DATA PROVIDED
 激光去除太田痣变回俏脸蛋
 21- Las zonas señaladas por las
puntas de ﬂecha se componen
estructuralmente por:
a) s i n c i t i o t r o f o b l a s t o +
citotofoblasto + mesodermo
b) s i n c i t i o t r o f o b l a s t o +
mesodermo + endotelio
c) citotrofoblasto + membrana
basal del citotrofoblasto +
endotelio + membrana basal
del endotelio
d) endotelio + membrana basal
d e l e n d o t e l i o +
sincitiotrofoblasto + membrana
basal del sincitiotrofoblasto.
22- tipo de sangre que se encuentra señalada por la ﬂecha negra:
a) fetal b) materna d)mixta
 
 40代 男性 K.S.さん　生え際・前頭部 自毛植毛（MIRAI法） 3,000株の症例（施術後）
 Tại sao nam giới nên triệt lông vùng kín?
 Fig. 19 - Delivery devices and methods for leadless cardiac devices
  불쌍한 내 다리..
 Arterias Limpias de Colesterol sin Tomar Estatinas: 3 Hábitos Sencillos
---
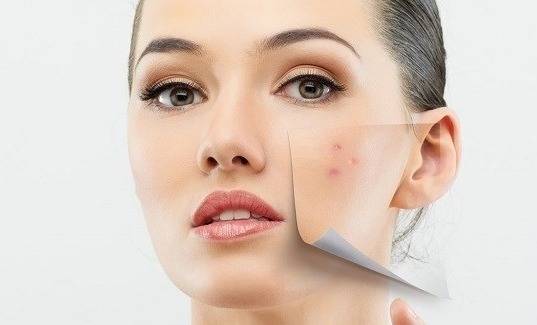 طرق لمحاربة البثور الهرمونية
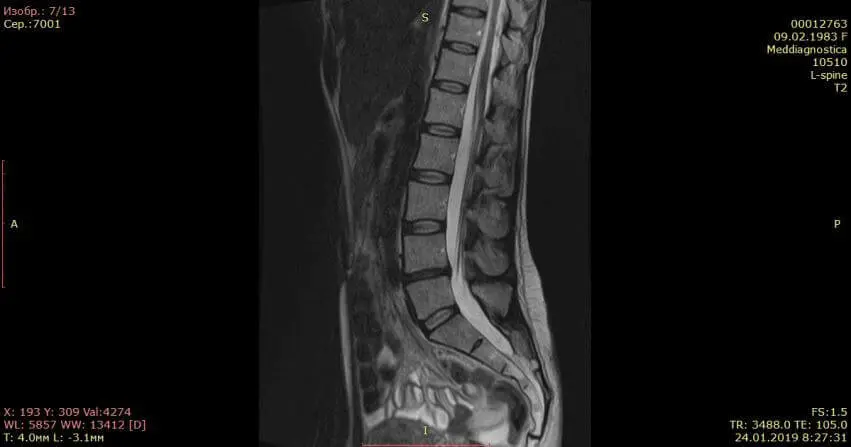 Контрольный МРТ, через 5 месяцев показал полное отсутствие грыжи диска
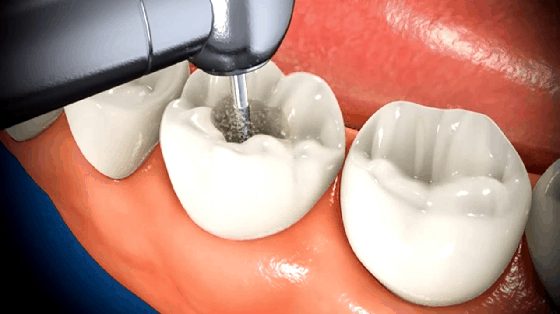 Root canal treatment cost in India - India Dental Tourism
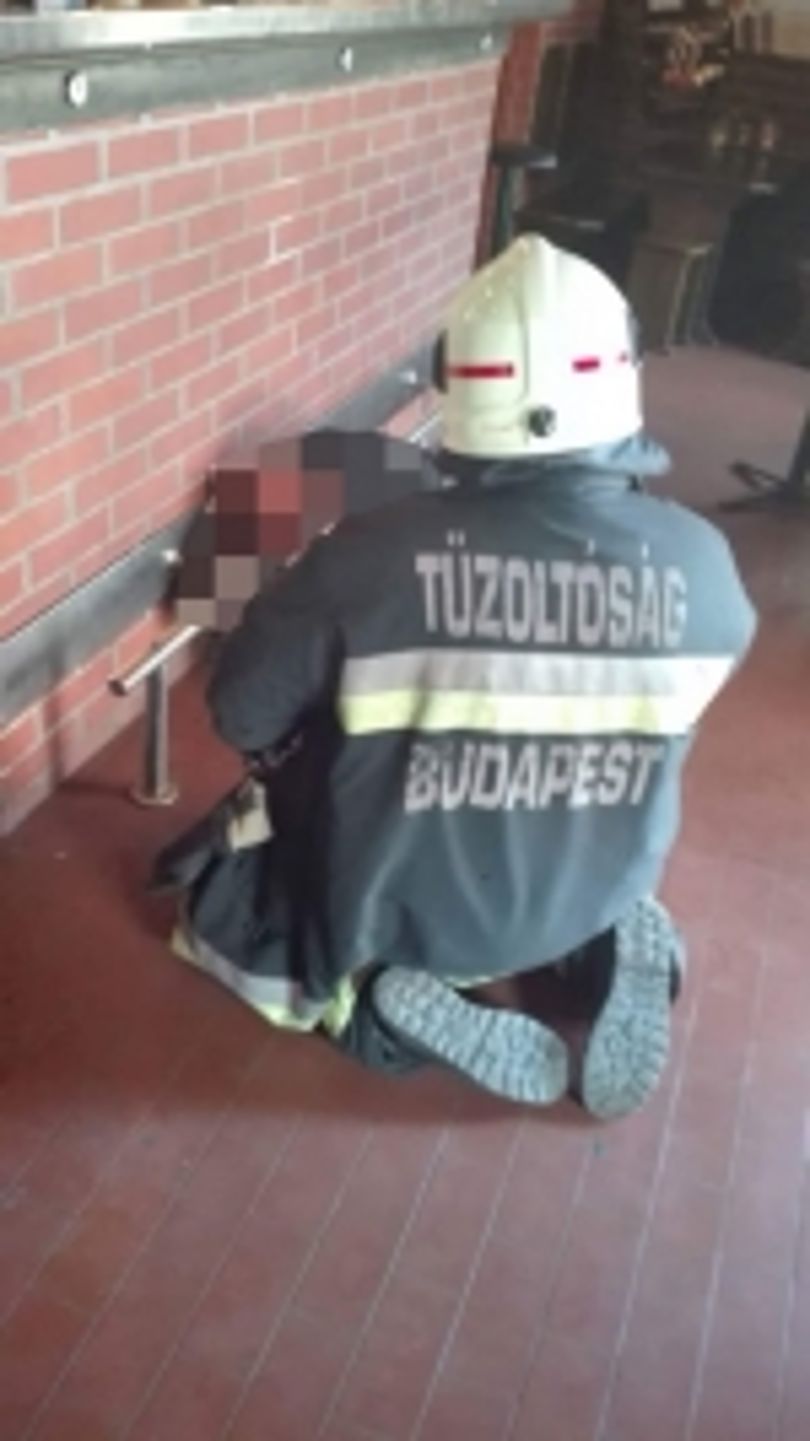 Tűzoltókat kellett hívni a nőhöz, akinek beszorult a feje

EXERCISE INSTRUCTIONS
Retype, exactly and in full, the lines above from the one containing "c) citotrofoblasto + membrana" through the one containing "Arterias Limpias de".

EXPECTED ANSWER
c) citotrofoblasto + membrana
basal del citotrofoblasto +
endotelio + membrana basal
del endotelio
d) endotelio + membrana basal
d e l e n d o t e l i o +
sincitiotrofoblasto + membrana
basal del sincitiotrofoblasto.
22- tipo de sangre que se encuentra señalada por la ﬂecha negra:
a) fetal b) materna d)mixta
 
 40代 男性 K.S.さん　生え際・前頭部 自毛植毛（MIRAI法） 3,000株の症例（施術後）
 Tại sao nam giới nên triệt lông vùng kín?
 Fig. 19 - Delivery devices and methods for leadless cardiac devices
  불쌍한 내 다리..
 Arterias Limpias de Colesterol sin Tomar Estatinas: 3 Hábitos Sencillos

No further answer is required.